Fortifications de Québec

Ancienne Porte du Palais, Québec, aquarelle de James Pattison Cockburn, 1829

Crédit: Bibliothèque et Archives Canada, numéro d'acquisition R9266-118 Collection de Canadiana Peter Winkworth

Les Fortifications de Québec sont désignées en 1948 par la Commission des lieux et monuments historiques du Canada (CLMHC) à titre de lieu d’importance historique nationale. En 2000, la Commission précise que ce lieu commémore le système défensif mis en place à Québec, principale place forte du Canada à l’époque coloniale, et qu’il englobe l’ensemble du système défensif.

La dimension défensive fait partie intrinsèque de l’histoire de Québec. Dès 1608, l’Abitation de Champlain (personne désignée par la CLMHC en 1929) comporte des éléments défensifs. En 1620, Champlain aménage en Haute-ville le fort Saint-Louis.
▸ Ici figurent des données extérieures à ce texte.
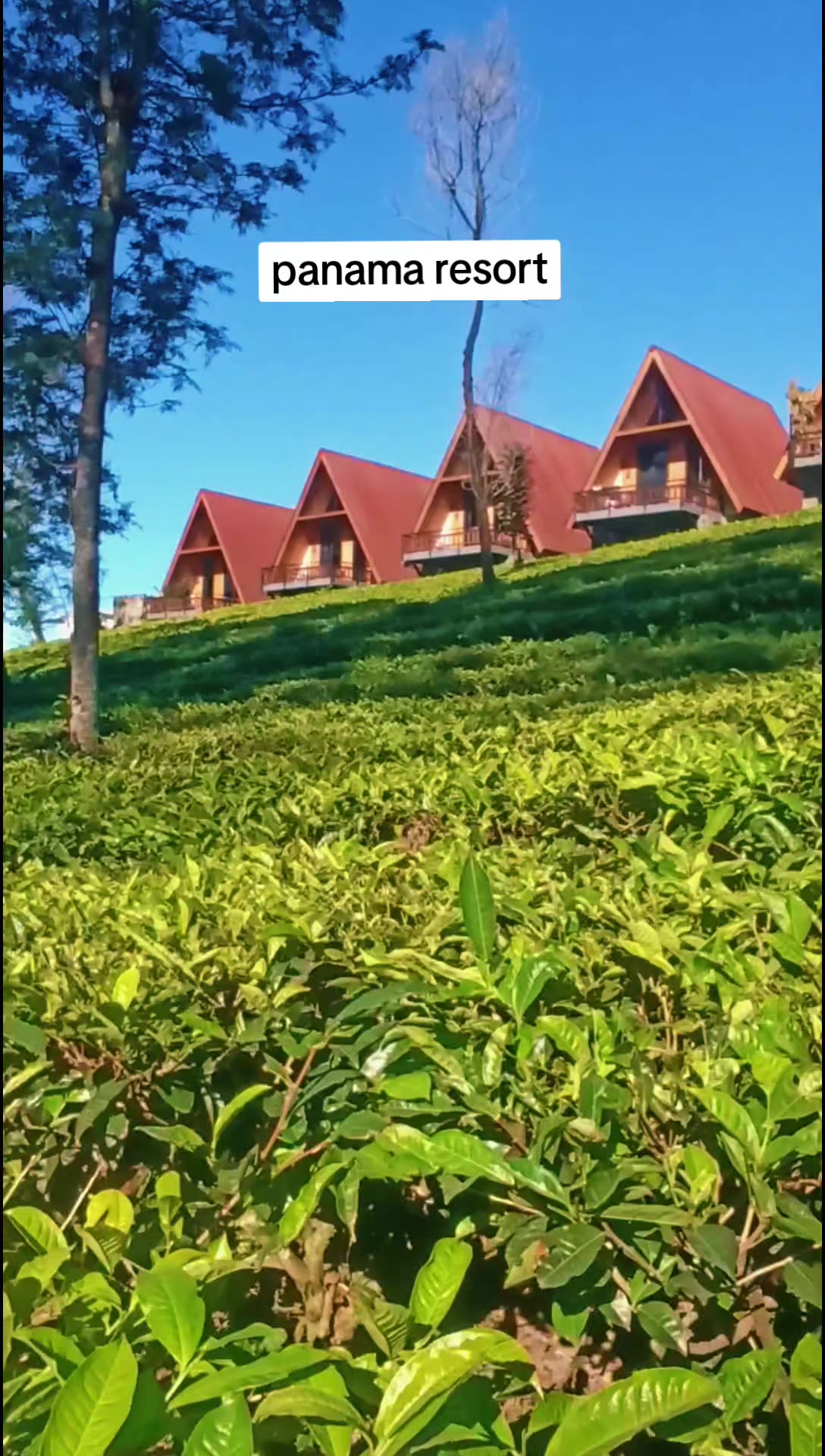 @panamajeep🇮🇩dieng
Sous le Régime français, quatre enceintes sont érigées en Haute-ville en tout ou en partie pour remplacer la première palissade de 1690 : en 1693, en 1701 et en 1712 puis en 1745 alors que Chaussegros de Léry (personne désignée en 2006), complète son enceinte amorcée en 1720. Après la conquête britannique, une citadelle temporaire est érigée entre 1779 et 1783 et des améliorations aux fortifications sont réalisées entre 1786 et 1812. La citadelle actuelle est bâtie entre 1820 et 1832 et le système est complété par les forts de la rive-sud, construits entre 1865 et 1871. Devenues surannées en 1871, les fortifications sont préservées grâce notamment à lord Dufferin (personne désignée en 1975).
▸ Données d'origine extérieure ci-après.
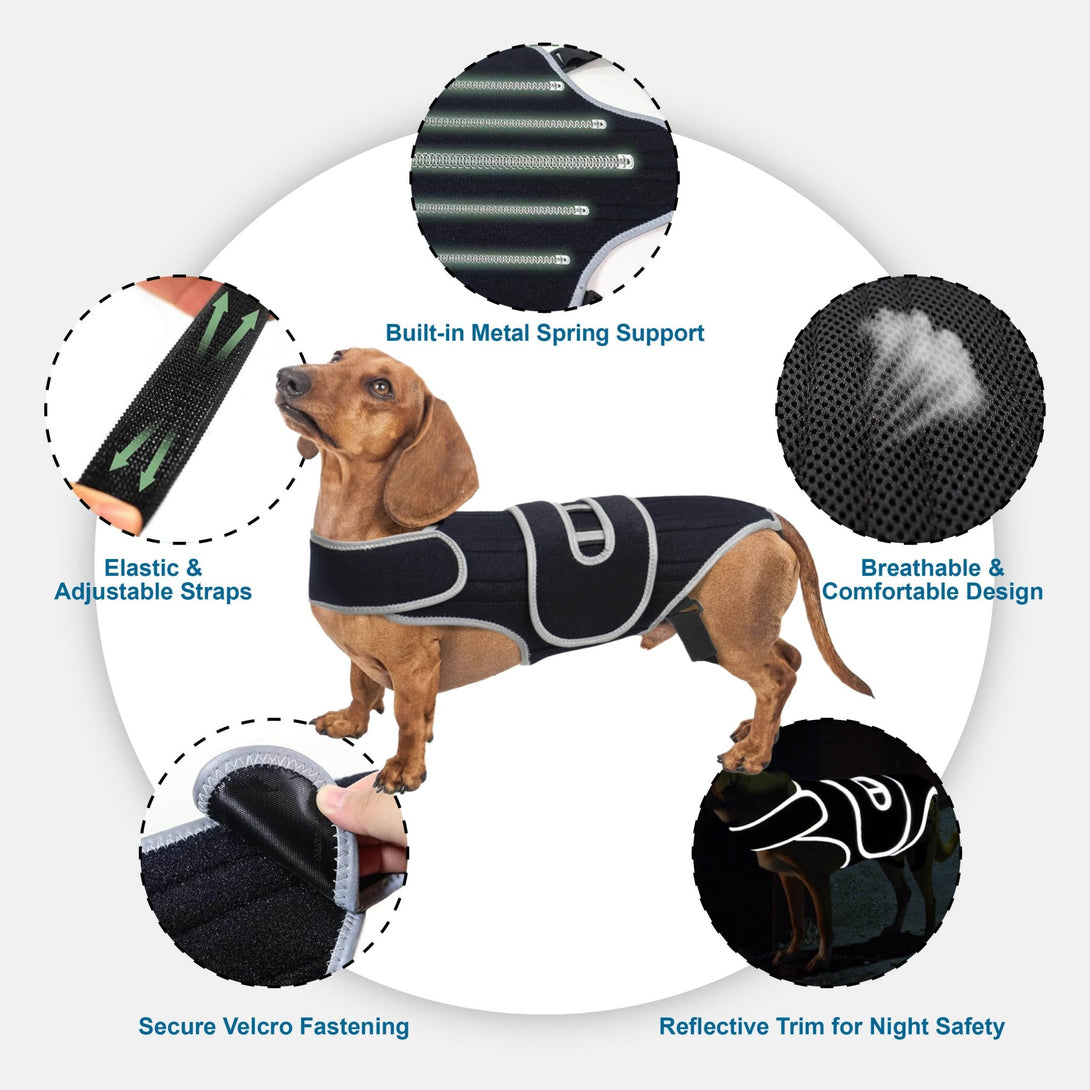 Dog Back Brace for IVDD & Spinal Support - PawPattz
Conditionnant l’organisation et le développement de la ville, le système défensif comprend, outre les fortifications et ouvrages défensifs, les structures associées aux troupes chargées de les défendre, tant à l’intérieur qu’à l’extérieur des murs. Seule ville fortifiée en Amérique du Nord, le système défensif contribue à l’identité même de la cité, sa présence étant l’une des raisons de l’inscription de Québec sur la Liste du patrimoine mondial de l’UNESCO en 1985.

Les fortifications de Québec intéressent la CLMHC dès 1920. Différentes composantes sont reconnues d’importance historique nationale, soit les tours Martello et les forts de Lévis (1920), la Citadelle (1946), la maison Maillou (1958), le parc Montmorency (1966), un logis d’officiers (1969), le manège militaire (1986), le Cercle de la garnison (1999) ainsi que les forts et châteaux Saint-Louis (2002). Pour sa part, le Bureau d’examen des édifices fédéraux du patrimoine a classé ou reconnu 45 éléments de cet ensemble comme d’intérêt patrimonial.